An American Tragedy . . . with an introduction by Harry Hansen and with illustrations by Reginald Marsh.
Theodore Dreiser, Reginald Marsh
Hardcover
(Heritage Press, March 15, 1954)
An issuance of The Heritage Club by The Heritage Press. Theodore Albert Dreiser (1871-1945) was an American novelist and journalist best known for his pioneer work in the naturalist school. Dreiser's first commercial success was An American Tragedy (1925), which was made into a film in 1931 and again in 1951 (as A Place in the Sun). An opera was also commissioned by the Metropolitan Opera in 2005. But An American Tragedy is more than simply a powerful murder story. Dreiser pours his own dark yearnings into his character, as he details the young man's course through his ambitions of wealth, power, and satisfaction. This slip cased edition was illustrated by Reginald Marsh (1989-1954), an American painter, born in Paris, most notable for his depictions of life in New York City in the 1920s and 1930s. Crowded Coney Island beach scenes, popular entertainments such as vaudeville and burlesque, women, and jobless men on the Bowery are subjects that reappear throughout his work. He studied art under Kenneth Hayes Miller, Guy Pene du Bois, George Luks, and William Sergeant Kendall. He studied fresco under Olle Nordmark and he studied sculpture under Mahonri Young. Reginald Marsh rejected modern art, which he found sterile.

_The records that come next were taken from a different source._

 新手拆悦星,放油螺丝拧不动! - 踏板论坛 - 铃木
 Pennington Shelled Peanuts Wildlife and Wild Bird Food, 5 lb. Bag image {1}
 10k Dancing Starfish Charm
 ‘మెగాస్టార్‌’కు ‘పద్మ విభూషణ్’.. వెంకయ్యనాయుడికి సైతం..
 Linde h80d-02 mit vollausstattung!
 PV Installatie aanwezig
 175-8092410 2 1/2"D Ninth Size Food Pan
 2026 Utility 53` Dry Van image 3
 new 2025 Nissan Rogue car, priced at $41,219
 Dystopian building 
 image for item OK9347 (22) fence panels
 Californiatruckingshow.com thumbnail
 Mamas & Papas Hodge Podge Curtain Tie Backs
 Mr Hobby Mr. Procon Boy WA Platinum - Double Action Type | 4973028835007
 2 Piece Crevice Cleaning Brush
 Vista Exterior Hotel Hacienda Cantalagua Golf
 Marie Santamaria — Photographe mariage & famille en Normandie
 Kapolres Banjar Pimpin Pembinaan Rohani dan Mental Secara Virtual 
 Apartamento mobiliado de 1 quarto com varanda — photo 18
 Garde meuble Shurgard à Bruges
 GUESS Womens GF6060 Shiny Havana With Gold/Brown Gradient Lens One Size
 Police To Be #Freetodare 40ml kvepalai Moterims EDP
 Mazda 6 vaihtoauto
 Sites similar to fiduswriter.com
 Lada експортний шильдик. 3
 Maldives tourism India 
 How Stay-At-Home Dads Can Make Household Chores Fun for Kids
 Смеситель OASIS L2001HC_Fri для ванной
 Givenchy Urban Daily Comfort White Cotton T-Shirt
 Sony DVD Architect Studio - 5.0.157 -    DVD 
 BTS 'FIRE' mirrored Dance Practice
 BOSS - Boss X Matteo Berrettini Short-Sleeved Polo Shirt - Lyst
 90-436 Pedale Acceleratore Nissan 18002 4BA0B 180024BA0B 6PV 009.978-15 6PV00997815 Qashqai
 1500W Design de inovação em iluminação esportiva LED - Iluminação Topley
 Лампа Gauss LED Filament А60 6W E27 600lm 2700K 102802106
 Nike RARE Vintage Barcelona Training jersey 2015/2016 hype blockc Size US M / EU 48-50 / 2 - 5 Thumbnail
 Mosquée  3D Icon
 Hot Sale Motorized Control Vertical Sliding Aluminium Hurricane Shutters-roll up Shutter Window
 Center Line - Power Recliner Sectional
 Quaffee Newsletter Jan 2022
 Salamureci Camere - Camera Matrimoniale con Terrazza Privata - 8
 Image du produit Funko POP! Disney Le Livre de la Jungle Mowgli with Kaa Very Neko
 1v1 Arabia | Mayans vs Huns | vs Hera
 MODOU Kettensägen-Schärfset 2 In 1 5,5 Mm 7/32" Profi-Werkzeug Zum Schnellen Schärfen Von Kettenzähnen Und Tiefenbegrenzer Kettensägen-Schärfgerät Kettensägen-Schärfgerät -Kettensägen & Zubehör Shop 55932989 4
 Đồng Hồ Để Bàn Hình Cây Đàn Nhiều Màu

Marsh's style can best be described as social realism. His figures are generally treated as types. "What interested Marsh was not the individuals in a crowd, but the crowd itself ... In their density and picturesqueness, they recall the crowds in the movies of Preston Sturges or Frank Capra". Marsh's main attractions were the burlesque stage, the hobos on the Bowery, crowds on city streets and at Coney Island, and women. His deep devotion to the old masters led to his creating works of art in a style that reflects certain artistic traditions, and his work often contained religious metaphors. "It was upon the Baroque masters that Marsh based his own human comedy", inspired by the past but residing in the present.